In Greece, likewise, and in the city of Athens, that most grave and prudent statesman, Nicias, could not convince the people that the proposal to go and attack Sicily was disadvantageous; and the expedition being resolved on, contrary to his advice and to the wishes of the wiser among the citizens, resulted in the overthrow of the Athenian power. Scipio, on being appointed consul, asked that the province of Africa might be awarded to him, promising that he would utterly efface Carthage; and when the senate, on the advice of Fabius, refused his request, he threatened to submit the matter to the people as very well knowing that to the people such proposals are always acceptable.
I might cite other instances to the same effect from the history of our own city, as when Messer Ercole Bentivoglio and Antonio Giacomini, being in joint command of the Florentine armies, after defeating Bartolommeo d'Alviano at San Vincenzo, proceeded to invest Pisa. For this enterprise was resolved on by the people in consequence of the brave promises of Messer Ercole; and though many wise citizens disapproved of it, they could do nothing to prevent it, being carried away by the popular will, which took its rise in the assurances of their captain.

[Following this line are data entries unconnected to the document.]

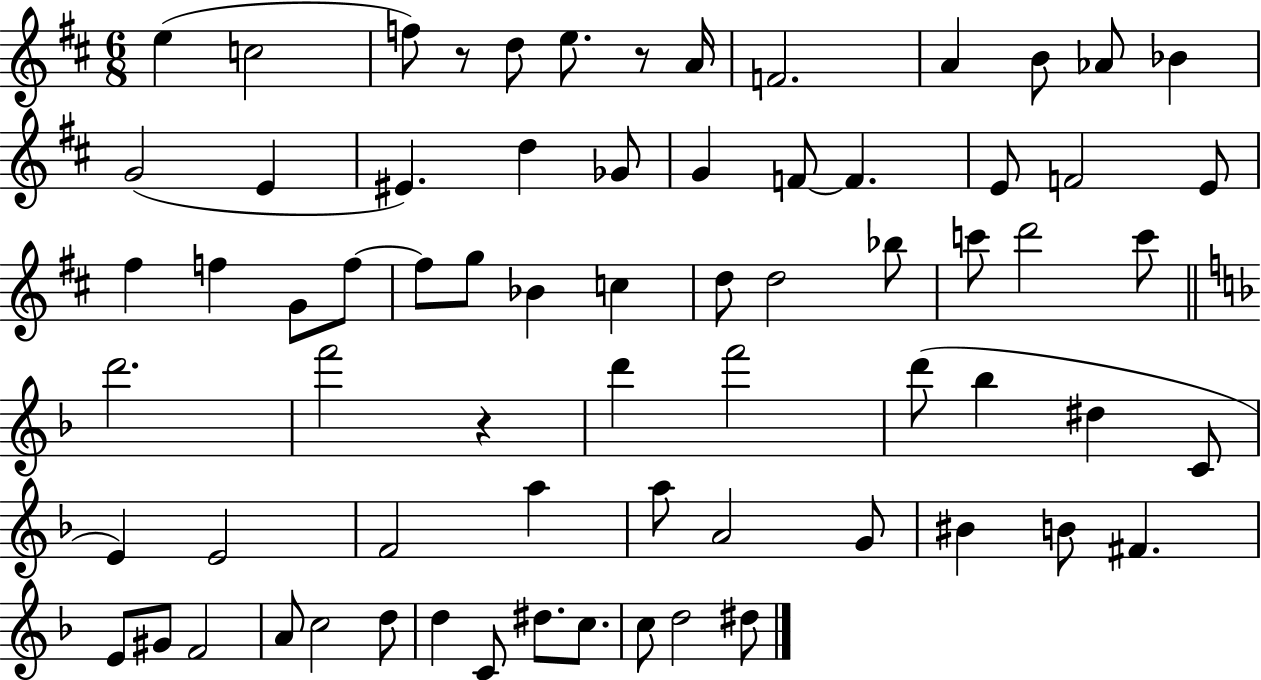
E5/q C5/h F5/e R/e D5/e E5/e. R/e A4/s F4/h. A4/q B4/e Ab4/e Bb4/q G4/h E4/q EIS4/q. D5/q Gb4/e G4/q F4/e F4/q. E4/e F4/h E4/e F#5/q F5/q G4/e F5/e F5/e G5/e Bb4/q C5/q D5/e D5/h Bb5/e C6/e D6/h C6/e D6/h. F6/h R/q D6/q F6/h D6/e Bb5/q D#5/q C4/e E4/q E4/h F4/h A5/q A5/e A4/h G4/e BIS4/q B4/e F#4/q. E4/e G#4/e F4/h A4/e C5/h D5/e D5/q C4/e D#5/e. C5/e. C5/e D5/h D#5/e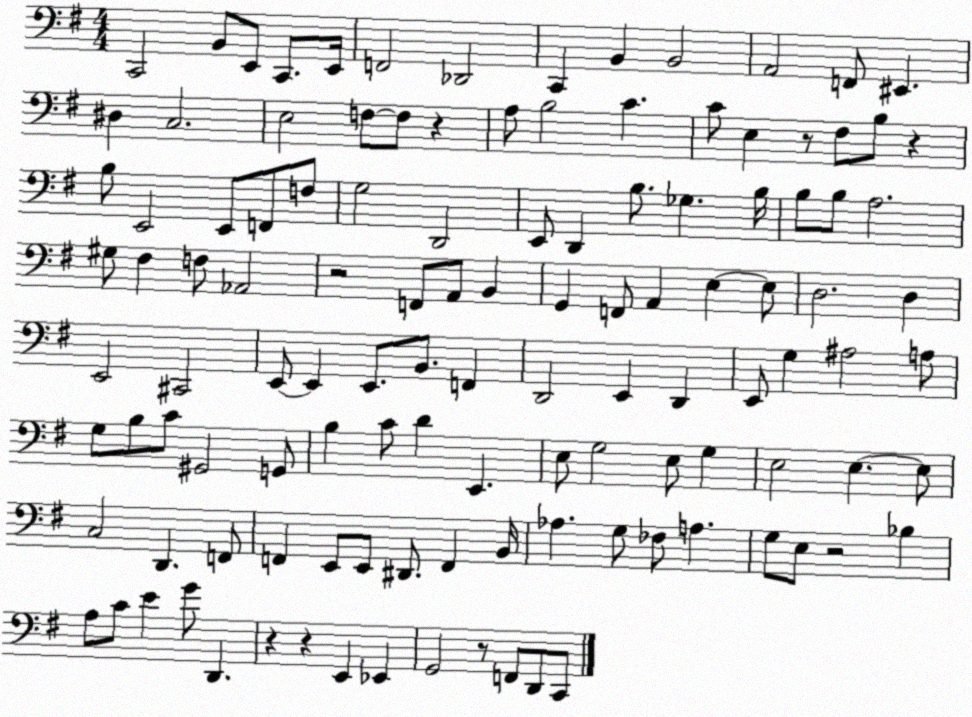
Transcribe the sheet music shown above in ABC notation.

X:1
T:Untitled
M:4/4
L:1/4
K:G
C,,2 B,,/2 E,,/2 C,,/2 E,,/4 F,,2 _D,,2 C,, B,, B,,2 A,,2 F,,/2 ^E,, ^D, C,2 E,2 F,/2 F,/2 z A,/2 B,2 C C/2 E, z/2 ^F,/2 B,/2 z B,/2 E,,2 E,,/2 F,,/2 F,/2 G,2 D,,2 E,,/2 D,, B,/2 _G, B,/4 B,/2 B,/2 A,2 ^G,/2 ^F, F,/2 _A,,2 z2 F,,/2 A,,/2 B,, G,, F,,/2 A,, E, E,/2 D,2 D, E,,2 ^C,,2 E,,/2 E,, E,,/2 B,,/2 F,, D,,2 E,, D,, E,,/2 G, ^A,2 A,/2 G,/2 B,/2 C/2 ^G,,2 G,,/2 B, C/2 D E,, E,/2 G,2 E,/2 G, E,2 E, E,/2 C,2 D,, F,,/2 F,, E,,/2 E,,/2 ^D,,/2 F,, B,,/4 _A, G,/2 _F,/2 A, G,/2 E,/2 z2 _B, A,/2 C/2 E G/2 D,, z z E,, _E,, G,,2 z/2 F,,/2 D,,/2 C,,/2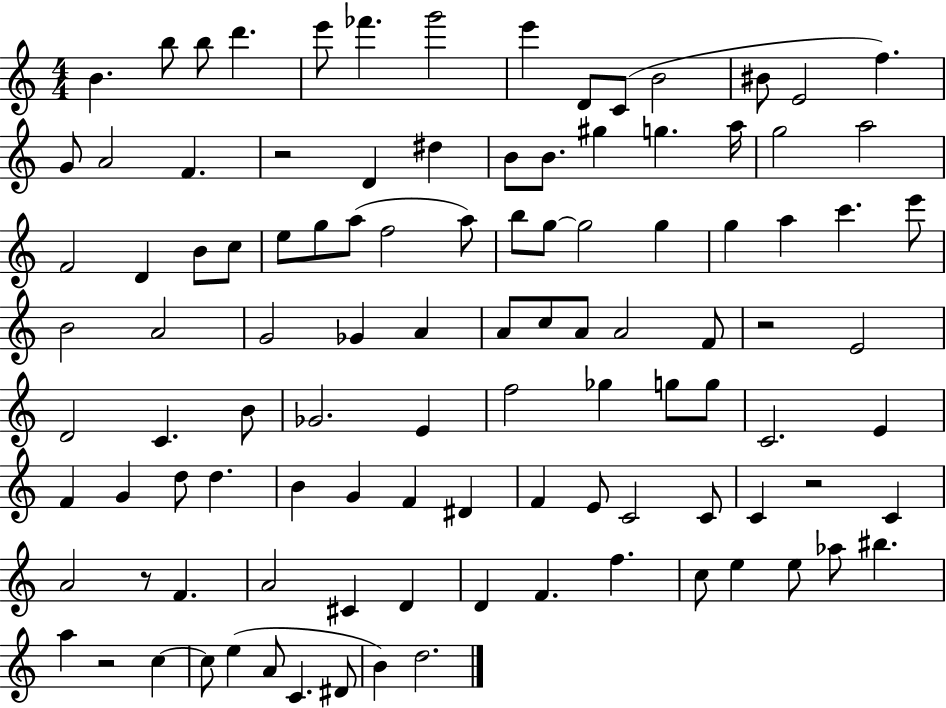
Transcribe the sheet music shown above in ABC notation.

X:1
T:Untitled
M:4/4
L:1/4
K:C
B b/2 b/2 d' e'/2 _f' g'2 e' D/2 C/2 B2 ^B/2 E2 f G/2 A2 F z2 D ^d B/2 B/2 ^g g a/4 g2 a2 F2 D B/2 c/2 e/2 g/2 a/2 f2 a/2 b/2 g/2 g2 g g a c' e'/2 B2 A2 G2 _G A A/2 c/2 A/2 A2 F/2 z2 E2 D2 C B/2 _G2 E f2 _g g/2 g/2 C2 E F G d/2 d B G F ^D F E/2 C2 C/2 C z2 C A2 z/2 F A2 ^C D D F f c/2 e e/2 _a/2 ^b a z2 c c/2 e A/2 C ^D/2 B d2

I say, then, that there is no readier way to bring about the ruin of a republic, when the power is in the hands of the people, than to suggest daring courses for their adoption. For wherever the people have a voice, such proposals will always be well received, nor will those persons who are opposed to them be able to apply any remedy. And as this occasions the ruin of States, it likewise, and even more frequently, occasions the private ruin of those to whom the execution of these proposals is committed; because the people anticipating victory, do not when there comes defeat ascribe it to the short means or ill fortune of the commander, but to his cowardice and incapacity; and commonly either put him to death, or imprison or banish him; as was done in the case of numberless Carthaginian generals and of many Athenian, no successes they might previously have obtained availing them anything; for all past services are cancelled by a present loss. And so it happened with our Antonio Giacomini, who not succeeding as the people had expected, and as he had promised, in taking Pisa, fell into such discredit with the people, that notwithstanding his countless past services, his life was spared rather by the compassion of those in authority than through any movement of the citizens in his behalf.